▶ Excerpted records
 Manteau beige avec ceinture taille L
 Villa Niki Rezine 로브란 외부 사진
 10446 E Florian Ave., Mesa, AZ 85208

---

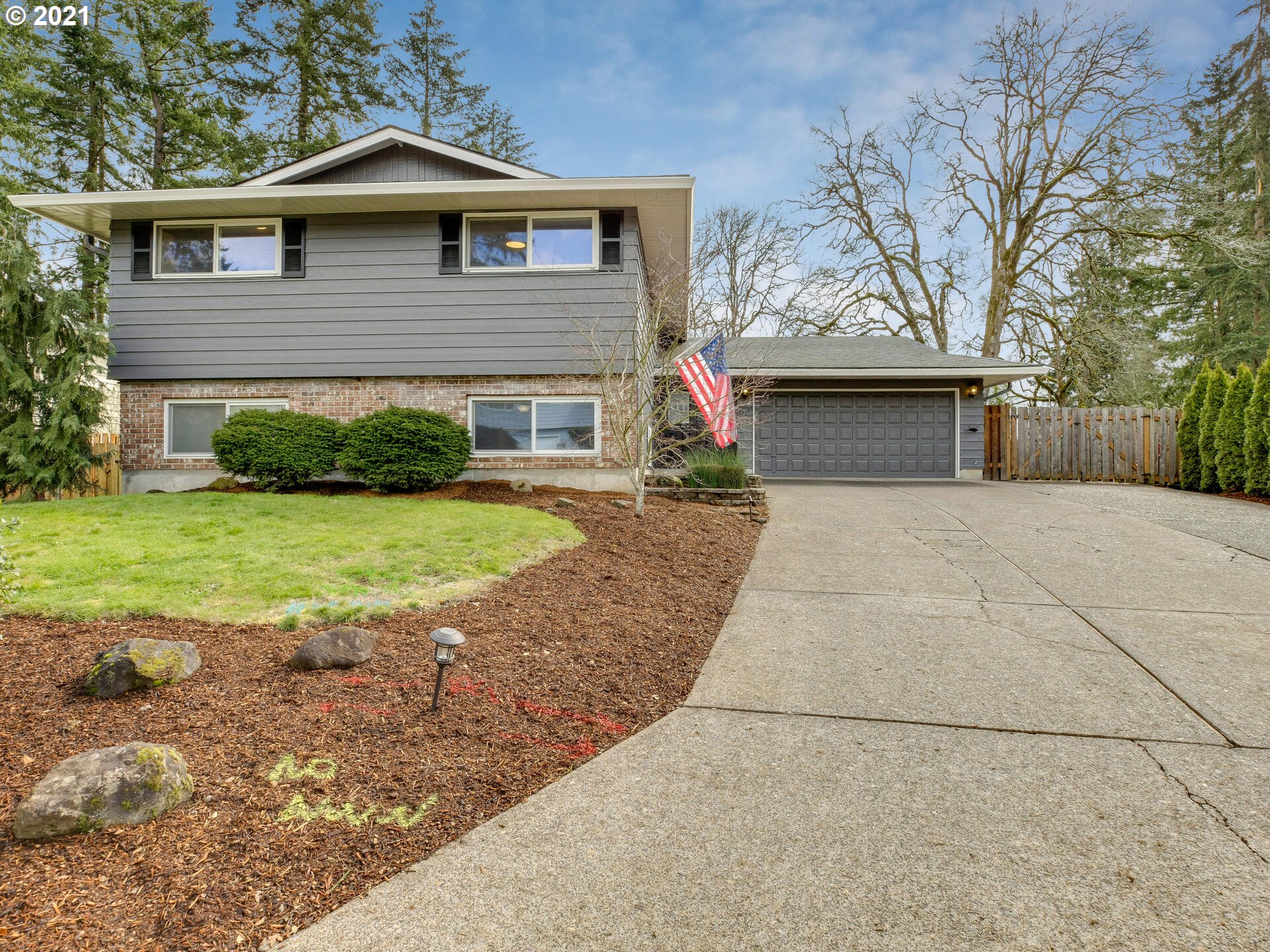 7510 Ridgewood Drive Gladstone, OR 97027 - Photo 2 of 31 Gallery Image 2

...

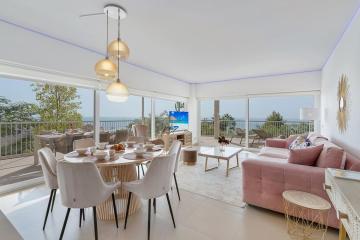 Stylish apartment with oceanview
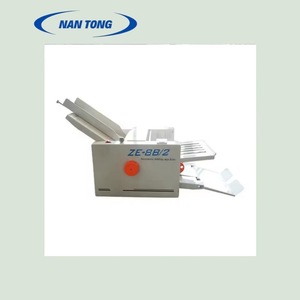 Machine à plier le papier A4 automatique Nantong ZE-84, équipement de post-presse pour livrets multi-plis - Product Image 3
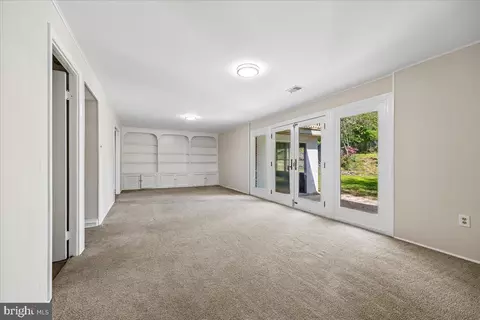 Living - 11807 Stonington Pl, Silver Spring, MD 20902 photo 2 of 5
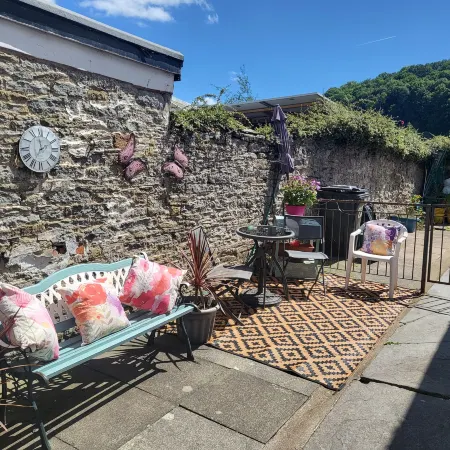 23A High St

▶ What the exercise asks
From the data above, return only the lines starting at the line that holds "Machine à plier" and ending at the line that holds "23A High St", word for word and without pictures.

▶ Task answer
 Machine à plier le papier A4 automatique Nantong ZE-84, équipement de post-presse pour livrets multi-plis - Product Image 3
 Living - 11807 Stonington Pl, Silver Spring, MD 20902 photo 2 of 5
 23A High St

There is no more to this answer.